3. What the product launch, actually signals

The launch of JPMorgan’s AI Hyperscaler CDS basket in early 2026 marks a significant shift in how financial markets are pricing AI-related risk. Historically, AI investments were largely an equity story, reflected in the valuations of technology companies, GPU manufacturers, and data centre operators. The emergence of a standardised credit instrument indicates that AI execution risk is now being systematically incorporated into credit markets, including leveraged loans, CLO tranches, and CDS baskets. This expansion in risk pricing means that if AI monetisation falls short, the impact won’t be limited to tech stocks it could spread across the entire capital structure, affecting credit spreads, loan markets, and structured products linked to hyperscalers.

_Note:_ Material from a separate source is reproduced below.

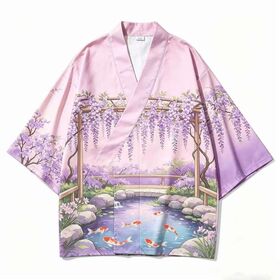 Floral V-Neck Kimono Cardigan Beach Cover Up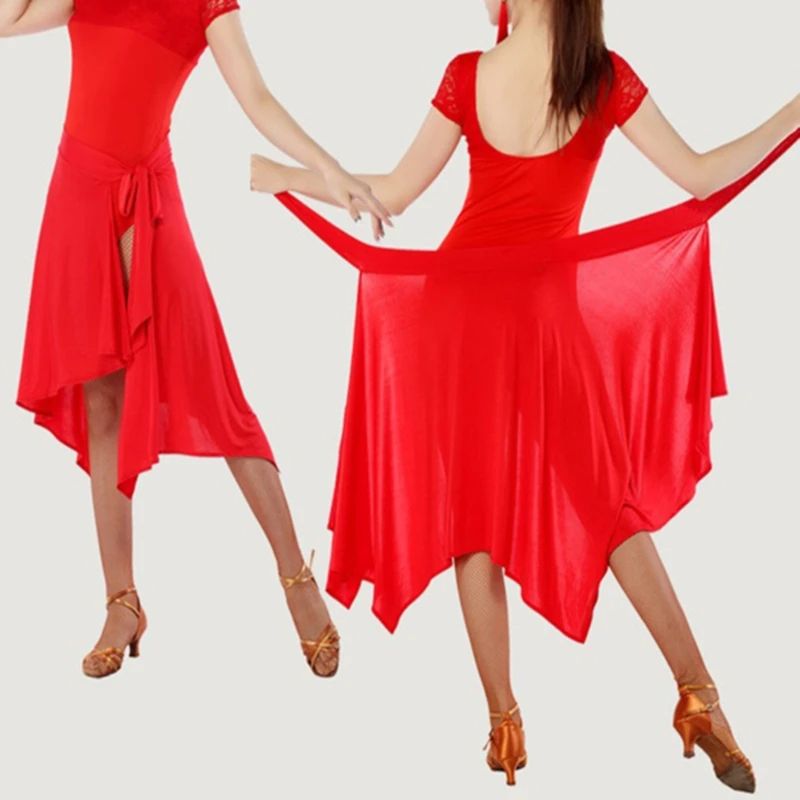 

Женская летняя юбка с асимметричным подолом, черная, фиолетовая, красная профессиональная юбка для танцев, юбка для латиноамериканских танцев, 2021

The basket responds to several underlying factors. Hyperscalers, once largely debt-free and funded by cash flows and equity, have become major issuers in the investment-grade bond market, with JPMorgan projecting they could account for roughly 30% of net IG supply in 2026. This concentration creates pressure on spreads and drives genuine institutional demand for hedging instruments. Single-name CDS on companies like Meta and Alphabet were largely illiquid until late 2025, and the basket fills this gap, allowing banks and asset managers with large tech exposures to manage portfolio concentration risk efficiently. 

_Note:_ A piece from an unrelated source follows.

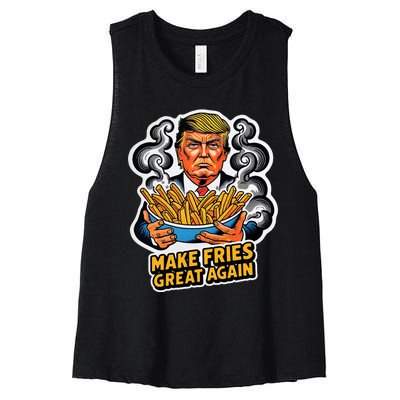 Make Fries Great Again Women's Racerback Cropped Tank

Source: Facset (Long Term Debt) 

At the same time, the product reflects a growing recognition of real AI credit risk. Massive AI infrastructure spending projected to exceed $600 billion industry-wide, with hyperscalers alone potentially accounting for $400 billion creates structural funding gaps that cash flows cannot fully cover. If AI returns fall short due to demand shocks, competitive disruption, or regulatory challenges, these companies’ debt-funded expansion becomes vulnerable. The basket acts as insurance against such scenarios rather than signalling imminent default. JPMorgan’s scenario analysis assigns a 40% probability to AI success, 45% to a moderated slowdown, and 15% to a systemic shock, demonstrating that even the originator does not view AI as risk-free.

In the end, the AI Hyperscaler CDS basket is not a warning of impending crisis, it is a clear marker of market maturity. Hyperscaler debt now represents a measurable share of major investment-grade indices. A sharp rise in protection demand could therefore trigger index rebalancing and forced selling, pushing up borrowing costs, slowing capital expenditure, and transmitting mild headwinds to broader economic growth. The existence of this liquid, standardised instrument shows that credit markets are now approaching the AI infrastructure boom with rigorous, professional scrutiny. They recognise its immense potential but are equally focused on managing the risks tied to such a capital-intensive cycle. In other words, while the gold rush is still in full swing, sophisticated investors have already started quietly building their exits.